In the Kimberly in Western Australia, a new gas development project was announced on October 22, but the new native title environment means that the proposal is slated to be negotiated between the WA government and gas companies rather than involving the Kimberly Land Council (KLC). KLC executive director Wayne Bergman told the October 24 Koori Mail "Sustainable long-term development for the people of the Kimberly is dependent on traditional owners being able to negotiate directly with [gas] companies".

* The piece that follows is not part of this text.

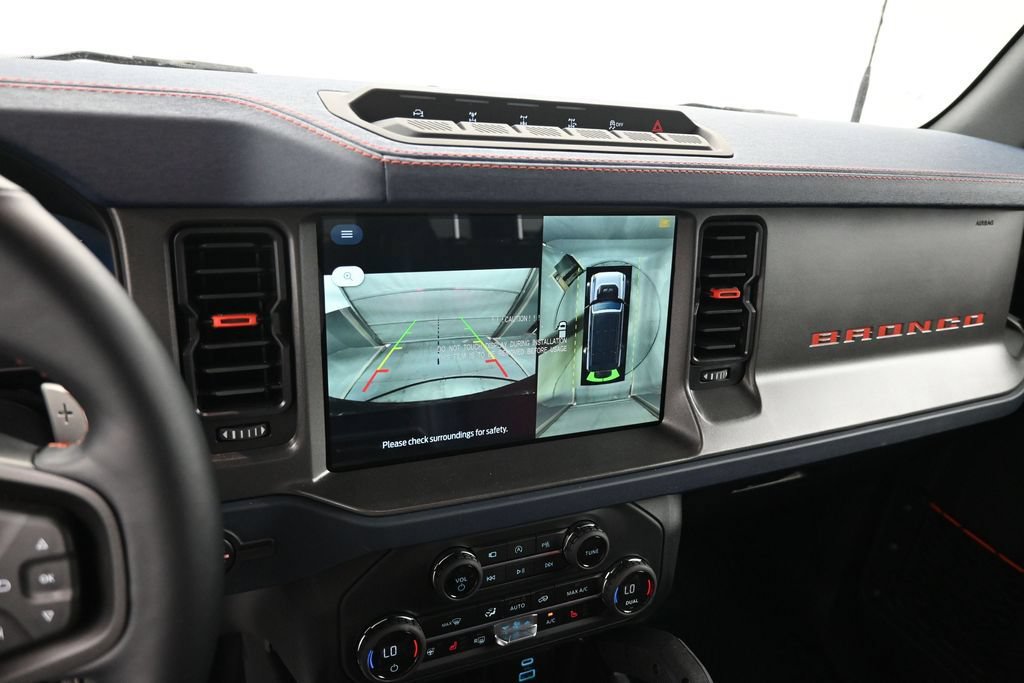 New 2025 Ford Bronco Raptor AWD/4WD image 30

The NT intervention, whilst only covering only 0.1 — 0.2% of land in the NT, does open up possibilities for the mining industries. The intervention encourages the breakup of current Indigenous townships and the mass migration of Indigenous people from the townships to the cities. Whilst all the townships are now under five-year leases, they are still protected by the Native Title (Northern Territory) Act and thus mining companies still have a responsibility to negotiate with native title holders. The August edition of the Australian Journal of Mining noted that it is extremely unlikely that townships will be in demand for mining exploration but it also says "the NT could play a major part in the expansion of the uranium mining industry in Australia, with around 18 per cent of Australia's total identified resources of uranium recoverable at low cost (second after South Australia that has 74 per cent), which could be worth up to $12 billion".

While it's unlikely that townships, even deserted ones, will become major mining sites anytime soon, the access roads for the transfer of toxic waste and nuclear material could be close to Aboriginal townships and are likely to be controversial, as would many common uranium mining practices, such as in situ mining, which can poison the water table of a whole state. The MacArthur River dispute was not about the mine being on Aboriginal land, it was about the effects it would have "upstream". Any uranium mining in the NT would likely face similar opposition, and the changes to NT lands rights laws make it more difficult for communities to argue these sorts of cases.

The corporate interests behind the theft of Aboriginal land are powerful and will need to be confronted by a strong political movement of Indigenous people and their supporters if land rights are to mean anything real again in Australia. As Aboriginal activist Murrandoo Yanner said at the second National Indigenous Land and Sea Management Conference in Cardwell, north Queensland, on October 10: "We have nowhere near [got] back our traditional lands but we have parts of it, and they're already talking about applying the Territory model into Queensland, through the Gulf, up the Cape and over to Western Australia … we've got to nip this stuff in the bud aggressively, stand up and be counted and shout down the mob who have supported this racist rubbish."